Sustainability has long been a practice for the Pavelski family. The original farm consisted of 80 acres and was started by August Pavelski — great-great-grandfather to Richard Pavelski, current CEO of Heartland Farms — in 1873. By 1908, the Pavelski family was shipping potatoes to Chicago by rail car. Today, the farm consists of 15,000 acres, with 8,000 acres dedicated to growing sustainable potatoes for the potato chip industry. Heartland Farms has advanced storage facilities that can hold 175,000 tons of produce and ships about 60 truck loads each day.
In order to be a quality food source, notes Jeremie Pavelski, growers need to preserve the very resources that are their livelihood. To that end, the Pavelski family teams with University of Wisconsin-Madison (UW) researchers on a wide variety of sustainable projects — always seeking to improve their sustainable means of farming.
Heartland Farms:
- Preserves and protects natural resources.

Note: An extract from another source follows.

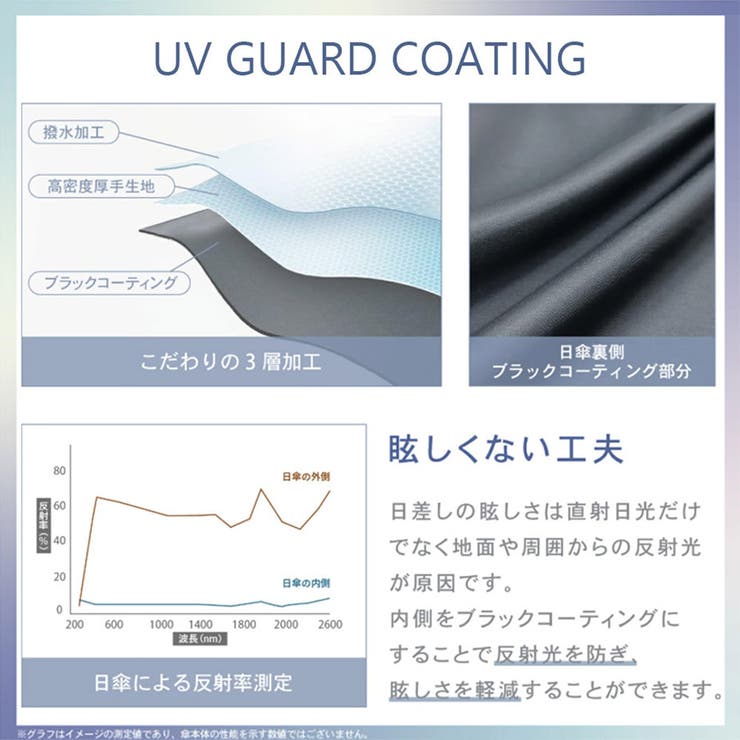 UV フラワーヒートカット 晴雨兼用 | SVEC | 詳細画像2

- Takes care of its employees and its community.
- Works to develop economically viable means of sustainable farming that don’t sacrifice long-term conservation and preservation goals for short-term profits.
As part of its sustainable practices, Heartland Farms:
- Utilizes low horse power and low pressure irrigation systems with drop nozzles that reduce water loss and power use. They also utilize soil moisture probes and work with UW-Madison researchers to fine tune the irrigation schedule to ensure that water resources are preserved without placing the plants in water stress that can reduce crop outputs. Heartland Farms is also part of the Central Wisconsin Groundwater Taskforce and partakes in studies to measure how water fluctuates in irrigation wells throughout Wisconsin. All potatoes are washed with recycled water.

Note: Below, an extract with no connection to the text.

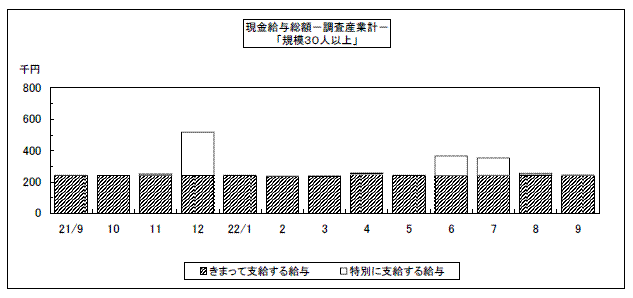 現金給与総額-調査産業計-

- Practices Integrated Pest Management (IPM) to control pests that can damage crops. Crop scouts monitor fields for pests and then specific areas are targeted for spraying. Crops are also rotated to limit increases in pest populations and pest mitigation resources are rotated to ensure that pests do not build resistance to treatments.
- Utilizes advanced technologies to prevent nematodes from destroying the roots of plants, with specific and reduced fumigant applications made in targeted areas only.
- Has reclaimed land ravaged by a forest fire. Rather than simply burning the stumps of dead trees, Heartland Farms had the stumps converted to chips that are used as a fuel source by a local power plant.
- Restores natural habits on its non-farmed lands in order to preserve natural environments for deer, turkey, endangered Blue Karner Butterflies, waterfowl and cranes.